Heterogeneous multi-core processors are attracted by various type of applications from low-power media applications to high-performance computing due to their capability of drawing strengths of different cores to improve the overall performance. However, the data transfer bottlenecks between different cores becomes a serious problem. This paper presents two key methodologies to solve the data transfer bottoleneck: memory allocation considering a addressing function constraint and task allocation based on algorithm transformation. Moreover, in order to help to explore accelerator architecture suitable for applications, this paper presents a platform based on FPGAs where circuity is reconfigured by users after fabrication.
Introduction
Applications used in low-power embedded processing to high performance computing have different tasks such as data-intensive tasks and control-intensive tasks. The optimal architecture is different from application to application. Heterogeneous multicore processing is proposed to execute different applications power-efficiently. It uses different processor cores such as CPU cores and accelerator cores as shown in Fig. 1 . If the tasks of an application are correctly allocated to the most suitable processor cores, all the cores work together to increase the overall performances. Examples of low-power heterogeneous multi-core processors are [1] and [2] . The former has multiple cores of CPUs and ALU arrays. The latter has multiple cores of CPUs, a micro-controller and SIMD (single-instruction multiple-data) type processors. An example of a heterogeneous high-performance computing is ''Tianhe-1A'' [3] which has Intel X5670 CPUs and NVDIA GPUs.

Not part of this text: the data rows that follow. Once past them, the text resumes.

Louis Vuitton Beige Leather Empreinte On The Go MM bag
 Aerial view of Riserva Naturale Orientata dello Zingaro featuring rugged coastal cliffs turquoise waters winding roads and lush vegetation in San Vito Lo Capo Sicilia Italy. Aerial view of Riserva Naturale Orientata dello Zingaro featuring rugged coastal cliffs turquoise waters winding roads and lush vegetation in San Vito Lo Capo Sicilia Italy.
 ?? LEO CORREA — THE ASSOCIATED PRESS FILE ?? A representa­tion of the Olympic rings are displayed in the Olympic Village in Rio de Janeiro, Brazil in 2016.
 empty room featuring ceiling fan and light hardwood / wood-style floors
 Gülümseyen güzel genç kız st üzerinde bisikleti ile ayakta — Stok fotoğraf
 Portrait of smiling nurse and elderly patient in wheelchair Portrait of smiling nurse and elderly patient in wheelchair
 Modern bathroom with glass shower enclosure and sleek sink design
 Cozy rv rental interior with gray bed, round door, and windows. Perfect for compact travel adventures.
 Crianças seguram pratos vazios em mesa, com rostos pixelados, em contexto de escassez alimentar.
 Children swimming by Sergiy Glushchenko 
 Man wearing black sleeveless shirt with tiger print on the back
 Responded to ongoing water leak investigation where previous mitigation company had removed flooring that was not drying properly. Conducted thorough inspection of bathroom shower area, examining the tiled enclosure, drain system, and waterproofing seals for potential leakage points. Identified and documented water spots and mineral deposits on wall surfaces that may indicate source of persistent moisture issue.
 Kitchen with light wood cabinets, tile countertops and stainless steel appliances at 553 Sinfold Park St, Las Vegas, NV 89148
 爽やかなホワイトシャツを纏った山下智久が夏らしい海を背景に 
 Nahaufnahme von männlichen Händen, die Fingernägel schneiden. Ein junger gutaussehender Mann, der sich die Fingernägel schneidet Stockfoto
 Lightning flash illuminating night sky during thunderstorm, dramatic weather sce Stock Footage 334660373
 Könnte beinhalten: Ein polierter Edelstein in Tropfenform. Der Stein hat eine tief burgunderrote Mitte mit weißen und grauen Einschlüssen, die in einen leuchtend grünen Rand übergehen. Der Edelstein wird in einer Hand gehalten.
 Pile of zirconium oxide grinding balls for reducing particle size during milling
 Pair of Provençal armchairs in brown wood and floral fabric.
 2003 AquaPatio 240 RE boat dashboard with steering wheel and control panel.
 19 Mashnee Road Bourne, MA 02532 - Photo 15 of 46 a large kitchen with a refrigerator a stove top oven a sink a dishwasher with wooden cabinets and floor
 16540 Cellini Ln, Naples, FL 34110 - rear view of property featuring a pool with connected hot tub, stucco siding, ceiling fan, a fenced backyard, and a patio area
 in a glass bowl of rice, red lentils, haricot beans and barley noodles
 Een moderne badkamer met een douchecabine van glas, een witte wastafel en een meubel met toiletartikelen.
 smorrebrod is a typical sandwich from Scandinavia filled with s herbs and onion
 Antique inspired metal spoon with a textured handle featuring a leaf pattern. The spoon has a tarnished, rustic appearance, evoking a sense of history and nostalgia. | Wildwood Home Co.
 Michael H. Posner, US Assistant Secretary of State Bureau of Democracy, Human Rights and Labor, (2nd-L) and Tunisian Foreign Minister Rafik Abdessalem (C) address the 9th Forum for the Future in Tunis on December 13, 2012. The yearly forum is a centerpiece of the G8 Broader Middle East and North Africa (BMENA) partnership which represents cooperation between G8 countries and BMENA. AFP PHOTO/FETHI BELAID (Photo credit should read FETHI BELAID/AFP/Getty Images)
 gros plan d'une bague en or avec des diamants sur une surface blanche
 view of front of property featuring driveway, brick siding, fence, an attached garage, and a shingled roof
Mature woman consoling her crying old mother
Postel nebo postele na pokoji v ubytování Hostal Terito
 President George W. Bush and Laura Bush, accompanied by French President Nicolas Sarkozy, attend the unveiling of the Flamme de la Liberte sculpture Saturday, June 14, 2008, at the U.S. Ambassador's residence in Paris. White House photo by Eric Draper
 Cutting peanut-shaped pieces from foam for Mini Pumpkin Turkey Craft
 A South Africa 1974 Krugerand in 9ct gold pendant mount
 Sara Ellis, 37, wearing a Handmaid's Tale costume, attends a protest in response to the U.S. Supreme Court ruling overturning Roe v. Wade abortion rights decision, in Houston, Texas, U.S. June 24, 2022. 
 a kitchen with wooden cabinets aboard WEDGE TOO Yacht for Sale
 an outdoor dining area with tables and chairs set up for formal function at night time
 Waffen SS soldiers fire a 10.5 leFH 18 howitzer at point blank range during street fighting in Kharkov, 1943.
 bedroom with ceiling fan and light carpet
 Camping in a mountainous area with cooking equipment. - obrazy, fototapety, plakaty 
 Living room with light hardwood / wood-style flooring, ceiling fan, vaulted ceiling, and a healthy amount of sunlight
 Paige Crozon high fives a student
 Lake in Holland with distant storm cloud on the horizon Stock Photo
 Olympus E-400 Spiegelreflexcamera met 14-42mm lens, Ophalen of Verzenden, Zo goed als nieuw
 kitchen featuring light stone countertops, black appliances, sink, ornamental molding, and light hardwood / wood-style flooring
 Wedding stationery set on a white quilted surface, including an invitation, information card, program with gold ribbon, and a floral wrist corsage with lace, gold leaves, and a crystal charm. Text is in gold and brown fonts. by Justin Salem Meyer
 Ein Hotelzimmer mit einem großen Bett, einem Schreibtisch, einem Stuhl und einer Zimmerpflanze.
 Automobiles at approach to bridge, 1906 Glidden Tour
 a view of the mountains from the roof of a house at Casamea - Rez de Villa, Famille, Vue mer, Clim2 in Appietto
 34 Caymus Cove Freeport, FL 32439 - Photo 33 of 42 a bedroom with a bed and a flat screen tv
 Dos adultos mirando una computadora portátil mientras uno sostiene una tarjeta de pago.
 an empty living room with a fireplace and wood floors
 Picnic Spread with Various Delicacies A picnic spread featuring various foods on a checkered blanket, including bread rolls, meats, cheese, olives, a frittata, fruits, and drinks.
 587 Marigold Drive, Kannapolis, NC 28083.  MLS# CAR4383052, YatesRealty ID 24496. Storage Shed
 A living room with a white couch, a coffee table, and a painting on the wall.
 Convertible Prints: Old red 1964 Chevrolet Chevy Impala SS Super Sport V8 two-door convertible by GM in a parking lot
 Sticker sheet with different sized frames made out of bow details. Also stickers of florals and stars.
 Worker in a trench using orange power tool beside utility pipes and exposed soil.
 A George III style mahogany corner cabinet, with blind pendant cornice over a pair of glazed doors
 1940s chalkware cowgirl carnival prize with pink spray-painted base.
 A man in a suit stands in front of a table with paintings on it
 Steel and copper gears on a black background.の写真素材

When mapping applications onto a heterogeneous processor, the major issue is the data transfer bottleneck. In heterogeneous multi-core processors, different tasks are allocated to different processor cores. Therefore, processor cores need to access each other's data through the interconnection network. The accelerator cores contain several local memories for parallel data access. Therefore, whenever a data transfer with an accelerator core occurs, we need to transfer data from the global memory to the accelerator core's local memories. As a result, a large amount of time is wasted for data transfers and that increases the total processing time. To solve data-transfer bottleneck, this paper presents the two key technologies: memory allocation and task allocation to minimize the data-transfer amount. In embedded heterogeneous processors such as [1] , the address generation units (AGU) are integrated with the memory modules. Since the function of the AGU is limited to the simple ones such as stride access, data duplication is caused for repeatedly-accessed data. Therefore, the proposed memory allocation optimize the parameters of the addressing function together with data location. Moreover, in the task allocation, we consider the algorithm transformation to allocate the successive tasks with data dependencies to the same processor core, so that one task's output is immediately used by the other tasks without transferring it to the global memory.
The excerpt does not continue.